Data shown>

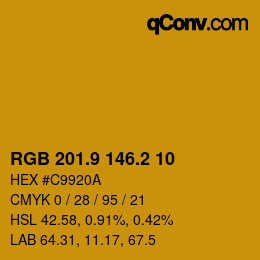 カラーコード: RGB 201.9 146.2 10 | qconv.com
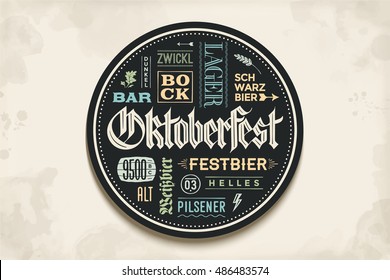 Beverage coaster for beer with hand drawn lettering for Oktoberfest Beer Festival. Vintage drawing for bar, pub, beer themes. Circle for placing a beer mug or a beer bottle. Vector Illustration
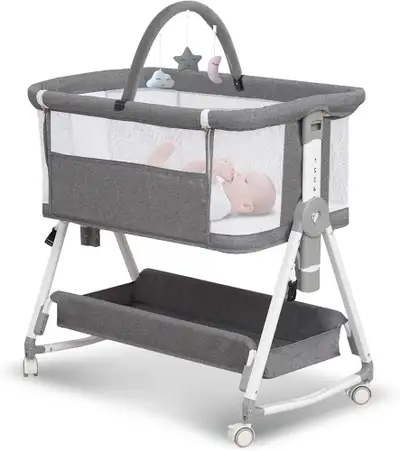Baby Bassinet, 3 in 1 Bedside Bassinet for Baby with Hanging Toy, View more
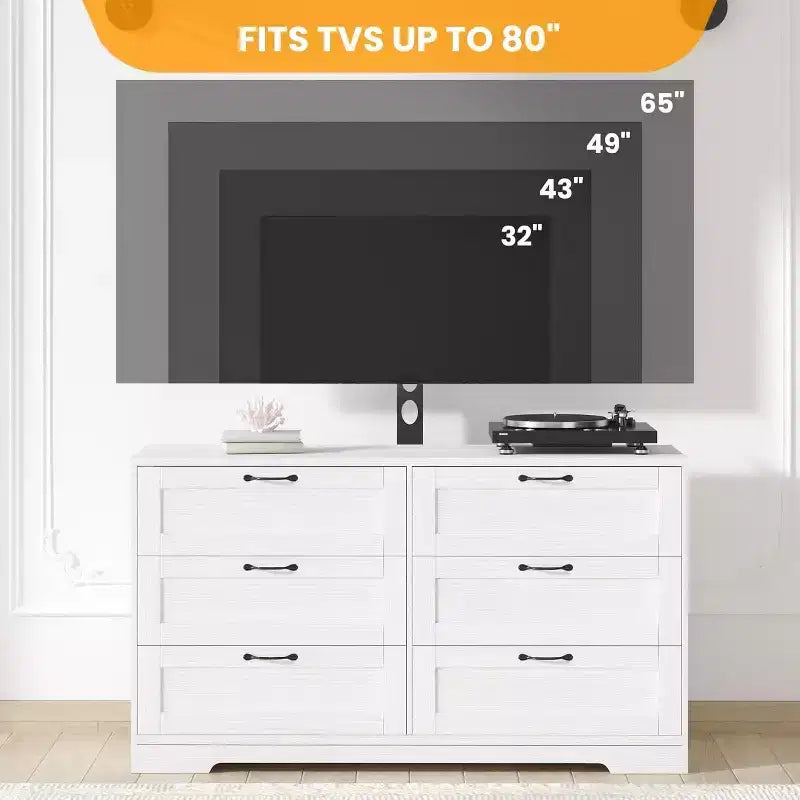 Meuble TV moderne avec support réglable, commode de rangement à 6 tiroirs - Grande table console multimédia en MDF pour téléviseurs de 32 à 80 pouces - Meuble de divertissement pour salon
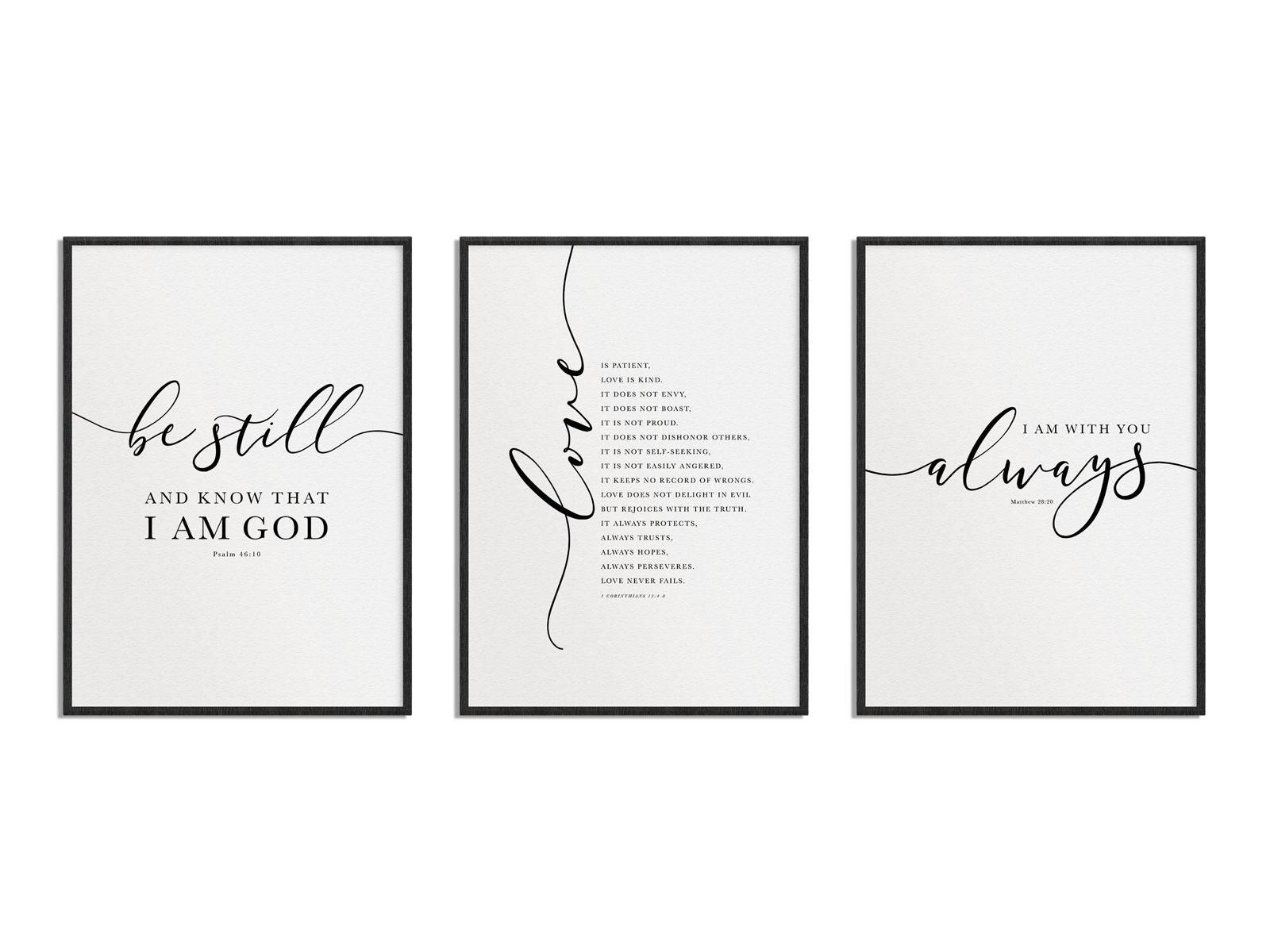 Inspirerande Bibelverser Poster - Set av 3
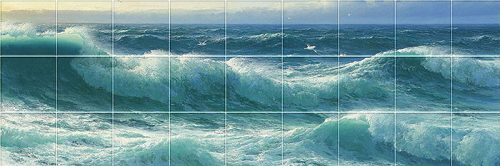 Ceramic tile mural - waves 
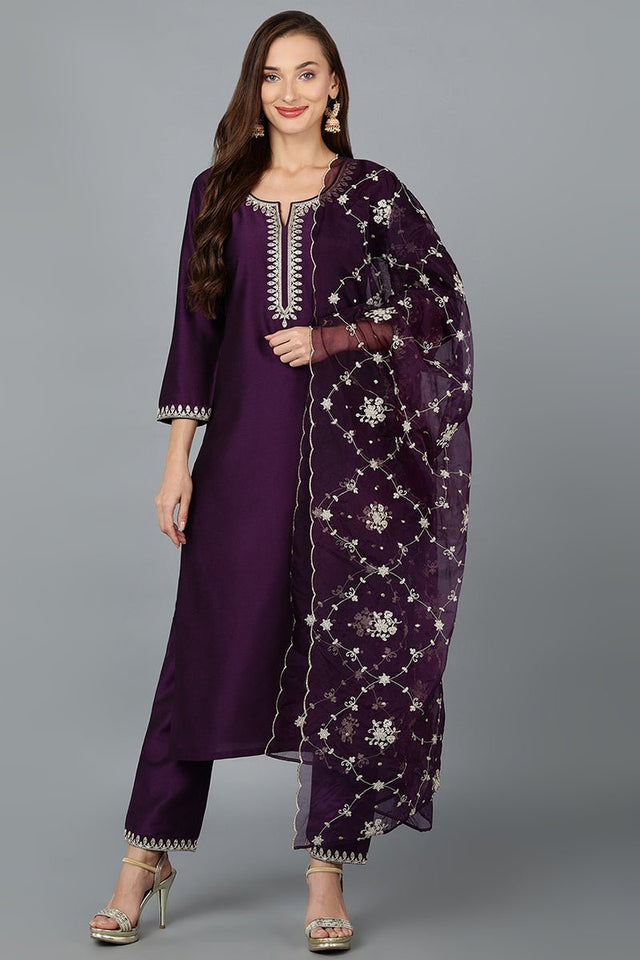 Purple Silk Blend Straight Kurti Pant With Dupatta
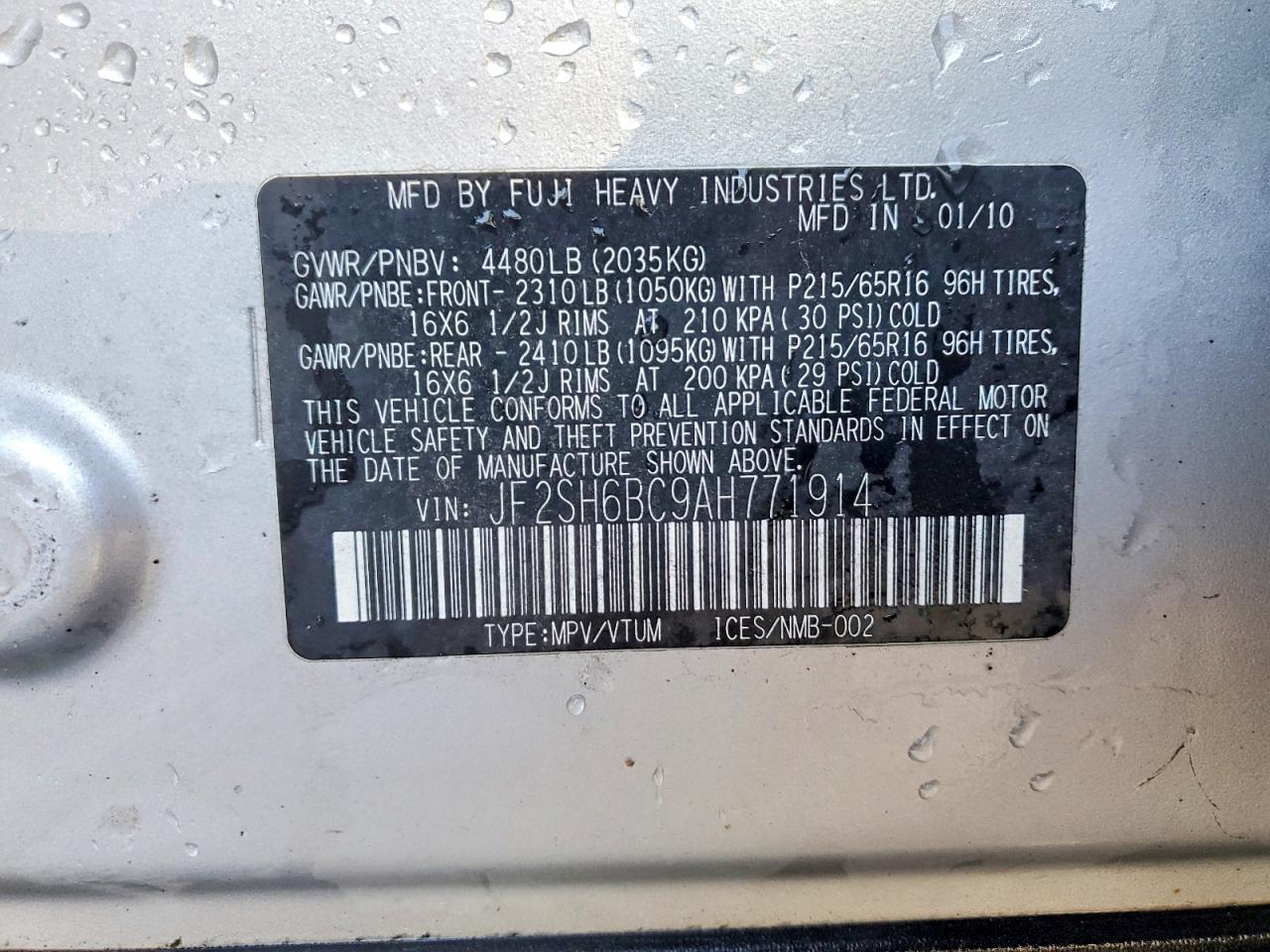 2010 SUBARU FORESTER XS photo 12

Task objective>
After removing each picture, print the entries above exactly as they were.

Task output>
 カラーコード: RGB 201.9 146.2 10 | qconv.com
 Beverage coaster for beer with hand drawn lettering for Oktoberfest Beer Festival. Vintage drawing for bar, pub, beer themes. Circle for placing a beer mug or a beer bottle. Vector Illustration
Baby Bassinet, 3 in 1 Bedside Bassinet for Baby with Hanging Toy, View more
 Meuble TV moderne avec support réglable, commode de rangement à 6 tiroirs - Grande table console multimédia en MDF pour téléviseurs de 32 à 80 pouces - Meuble de divertissement pour salon
 Inspirerande Bibelverser Poster - Set av 3
 Ceramic tile mural - waves 
 Purple Silk Blend Straight Kurti Pant With Dupatta
 2010 SUBARU FORESTER XS photo 12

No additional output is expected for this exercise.